[comp.text] poetry analysis, pattern recogn.

cap4r@boole.acc.virginia.edu (Chris Pohlig) (02/19/88)

I have a project that involves determining variations between different 
versions of a very long poem.  Unfortunately, simple file comparison 
programs are inappropriate since not all differences between the versions 
are important.  For example, many (but not all) spelling variations are 
insignificant.  Some versions of the poem have extra, or missing lines. 
Some corresponding lines (between different versions) are of unequal  
length as well.  The real need (I think) is to be able to specify (in a 
separate "rule" file) a list identifying significant difference rules. 

Are there any relevant software products?  Are there any relevant
journals? Does anyone have any suggestions?

Please reply to:  cap4r@virginia.edu  (internet)
             or:  cap4r@virginia      (bitnet)

Many thanks.

farris@marlin.NOSC.MIL (Russell H. Farris) (02/20/88)

In article <419@boole.acc.virginia.edu>cap4r@boole.acc.virginia.edu
(Chris Pohlig) writes:
>I have a project that involves determining variations between different
>versions of a very long poem.  Unfortunately, simple file comparison 
>programs are inappropriate since not all differences between the versions 
>are important. . . .

Look into using SNOBOL (on a PC) or SPITBOL.  A PD version called
Vanilla SNOBOL4 is available--with many sample programs--from
Simtel20.  The full-blown version, called SNOBOL4+, is available
for $95 from Catspaw, Inc., P.O.  Box 1123, Salida, Colorado
81201, (305) 539-3884.

                   Russ (just a happy customer) Farris

poser@csli.STANFORD.EDU (Bill Poser) (02/20/88)

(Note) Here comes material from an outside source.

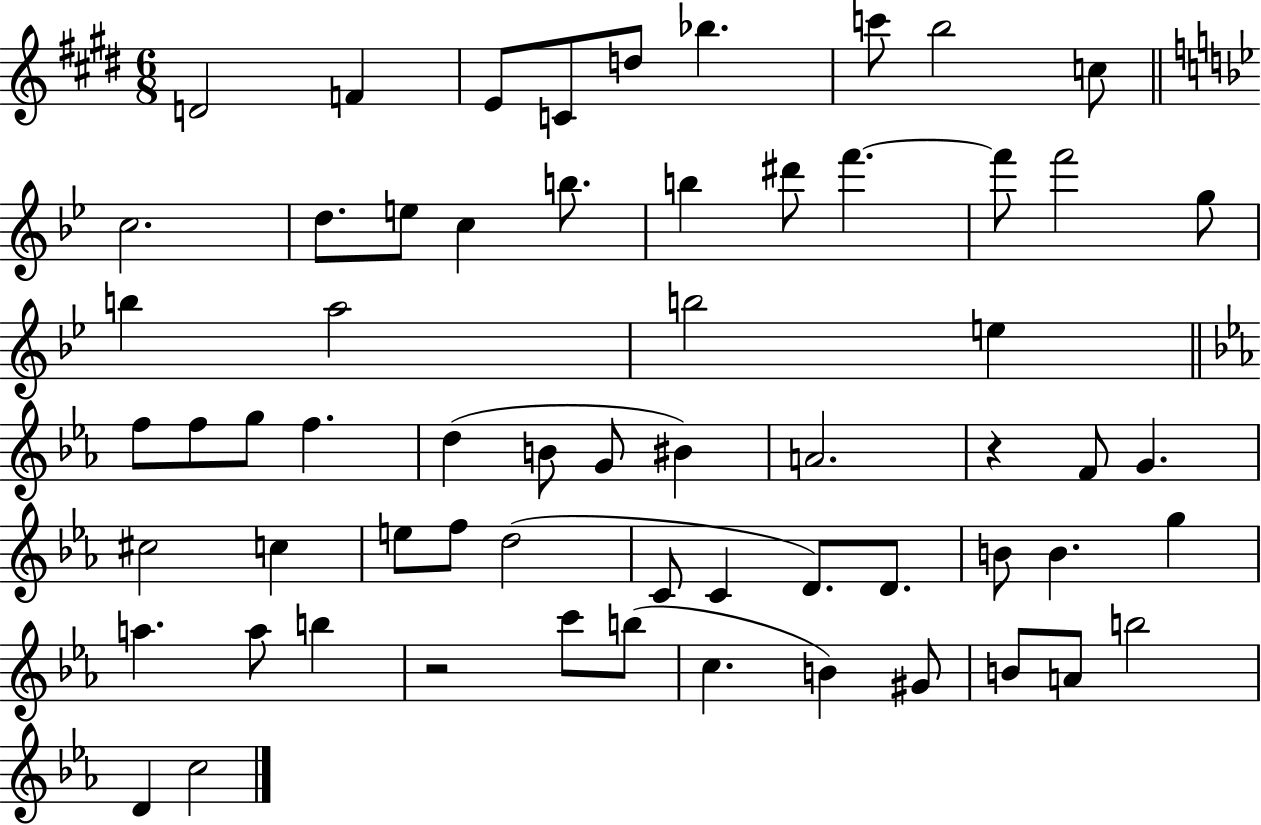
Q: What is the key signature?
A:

	Instead of using SNOBOL or SPITBOL I suggest using ICON.
ICON is a decendant of SNOBOL that combines the string manipulation and
pattern matching facilities of SNOBOL with modern control structures.
ICON is good for the same sorts of tasks that SNOBOL is good for, but is
a much nicer language. It was developed by a group headed by Ralph Griswold,
one of the designers of SNOBOL, at the University of Arizona.
ICON runs on lots of machines (I have run it on a VAX 11/750 running 4.2BSD
UNIX and on an IBM PC running DOS 2.1 and DOS 3.3) and is available for
the cost of the distribution media from the ICON Project in the
Computer Science Department at the University of Arizona (Tucson, AZ 85721).
ICON is described in a book by Rallph Griswold and Madge Griswold entitled
_The ICON Programming Language_. There is also a book on the implementation
of ICON called _The Implementation of the ICON Programming Language_ by
the same authors which should be of interest to anyone interested
in the implementation of systems with extensive run-time support
requirements.